Le Télescope solaire à axions du CERN (CAST) utilise un prototype d'aimant dipolaire (développé à l'origine pour le LHC) pour détecter d'hypothétiques particules exotiques, appelées axions et caméléons, que l'on suppose émises par le cœur du Soleil. Dimanche, comme cela se produit une fois par an, le Soleil s'est trouvé aligné avec le trou noir situé au centre de la Voie lactée, notre galaxie. Jamais auparavant les chercheurs du télescope CAST n'avaient tenté de détecter les nouvelles particules qui pourraient avoir été émises par ce trou noir ou dans ses environs.
« Cela fait des années que nous cherchons des particules exotiques provenant du Soleil, mais une fois par an, nous pouvons regarder au-delà du Soleil et voir si quelque chose d'autre nous parvient du centre de la galaxie », explique Konstantin Zioutas, porte-parole de l'expérience.
Les axions et les caméléons sont étudiés parce que ces particules pourraient nous aider à comprendre la matière noire et l'énergie noire, deux questions majeures de la physique contemporaine. L'alignement permet aux chercheurs d’utiliser le Soleil comme s’il faisait partie de leur équipement, en se servant de sa force gravitationnelle comme d’une lentille permettant de faire converger des particules exotiques à faible vélocité telles que les axions. Ce phénomène est connu sous le nom d'effet lenticulaire gravitationnel.

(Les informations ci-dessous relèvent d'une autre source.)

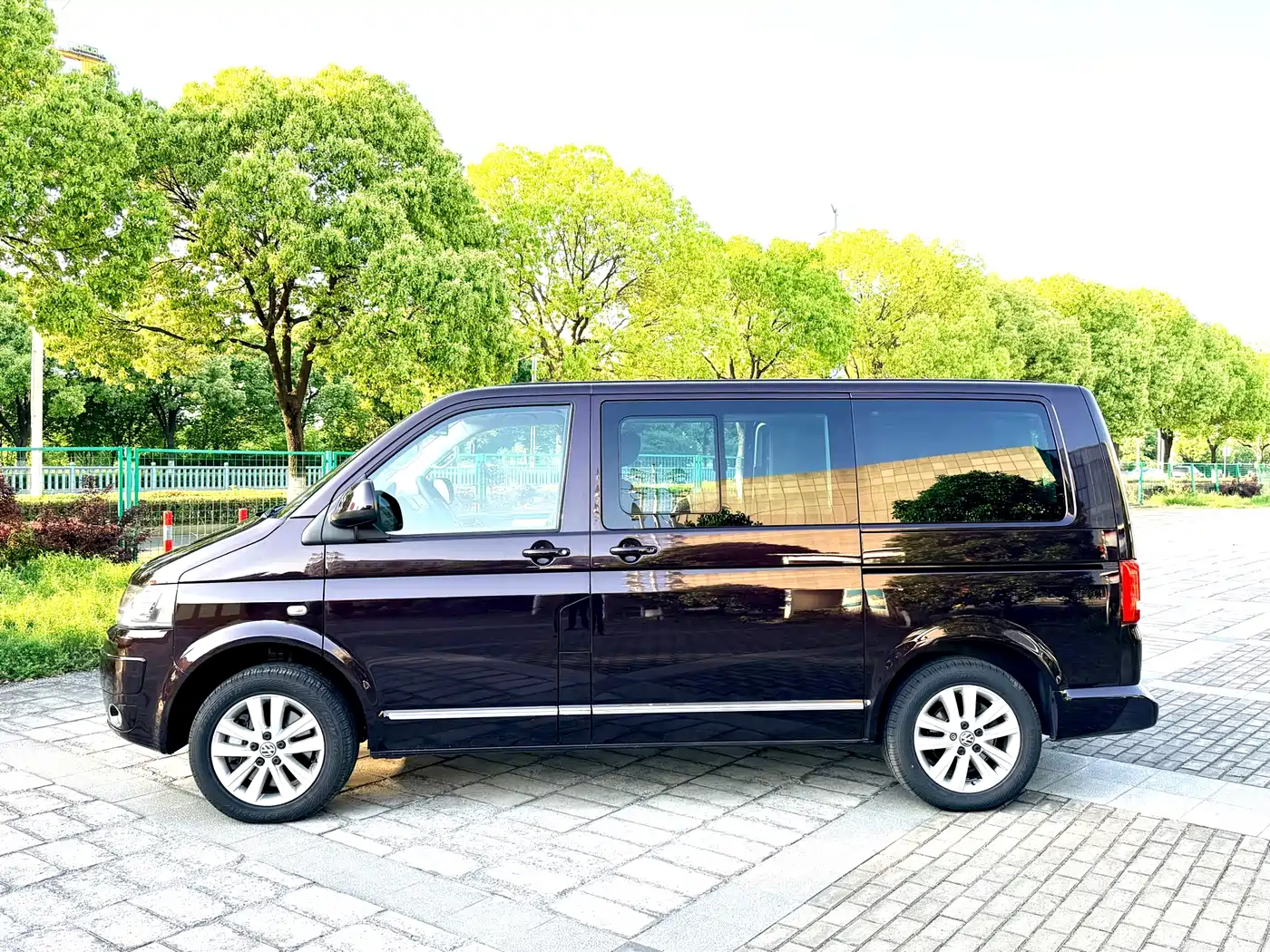 Volkswagen Multivan 2012 2.0TSI 4WD Premium фото 3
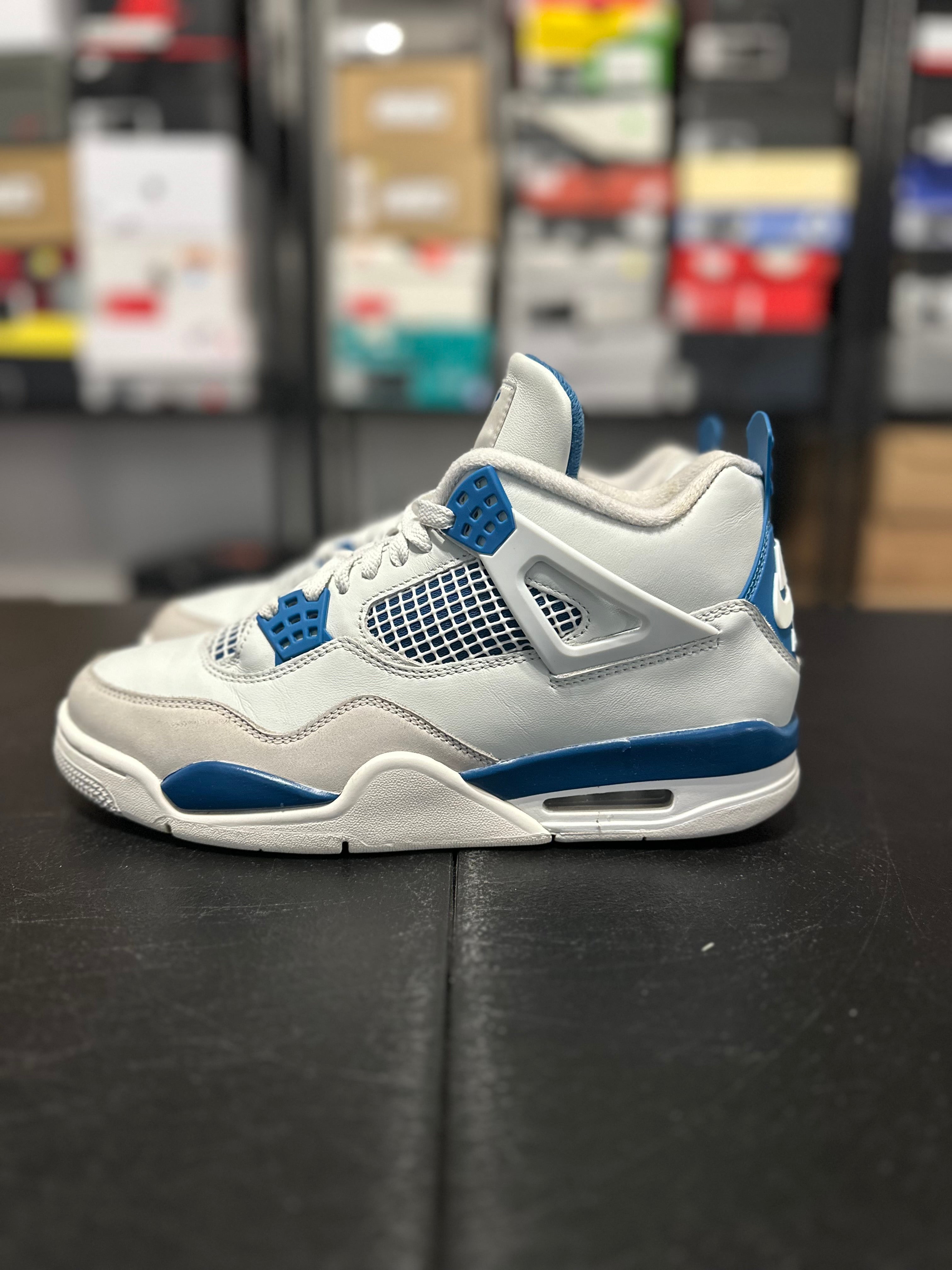 Size 9.5 - J4 military blue 2024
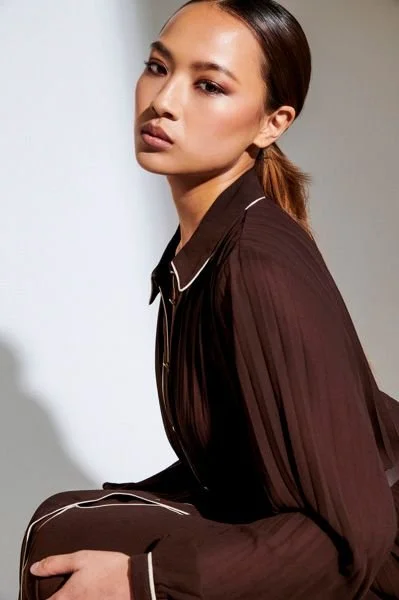 7-chloe-b-main-book-another-mother-management.jpg
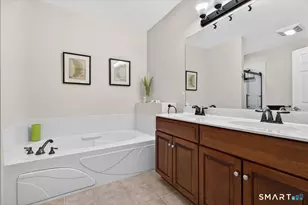 35 Todd St, Hamden, CT 06518 - Photo 23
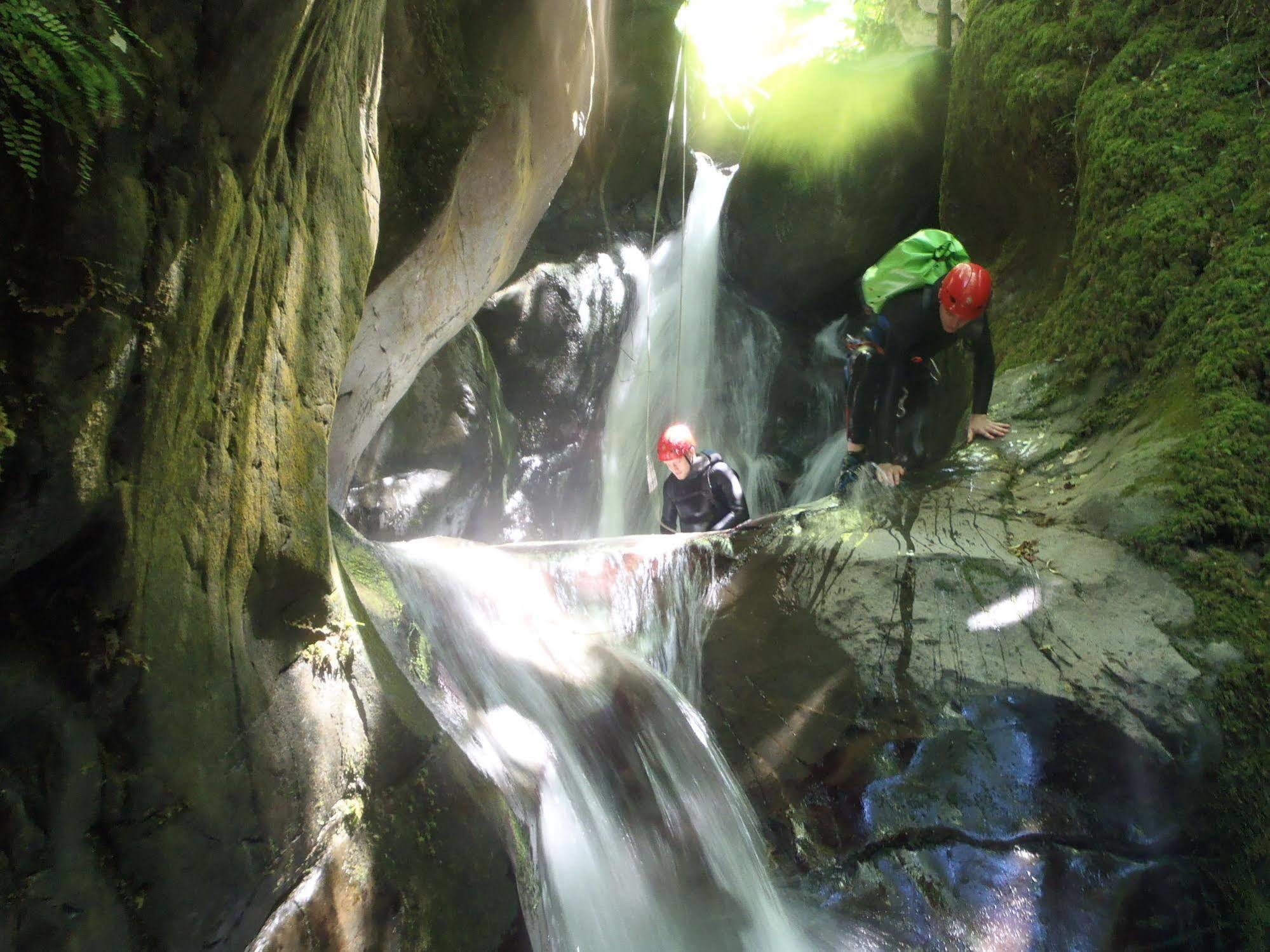 Pyrenees Emotions, Eco-Responsables, Nature, Sports Aventures Malvezie Exterior photo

« Le centre de la galaxie pourrait être une source de particules exotiques, que nous savons dorénavant détecter et qui pourraient nous en apprendre beaucoup plus qu'auparavant sur l'Univers sombre. Le Soleil peut, tel une lentille, renforcer le flux d'un courant exotique de faible intensité d'un facteur d'environ un milliard, à condition que celui-ci soit aligné avec le système Soleil-Terre », ajoute Konstantin Zioutas.
Ce n'est pas la première fois qu'une expérience tente de mesurer des particules exotiques en provenance d'un trou noir, mais c'est la première fois que l'on espérait voir ces particules interagir avec le champ magnétique de l'aimant de CAST, pour pouvoir ensuite les observer en aval avec le détecteur à rayons X InGRID. L'équipe espère également pouvoir mesurer pour la première fois l’interaction directe de ces particules avec la matière. Ce type d’interaction est essentiel pour les particules dont est peut-être constituée l'énergie noire, comme les caméléons.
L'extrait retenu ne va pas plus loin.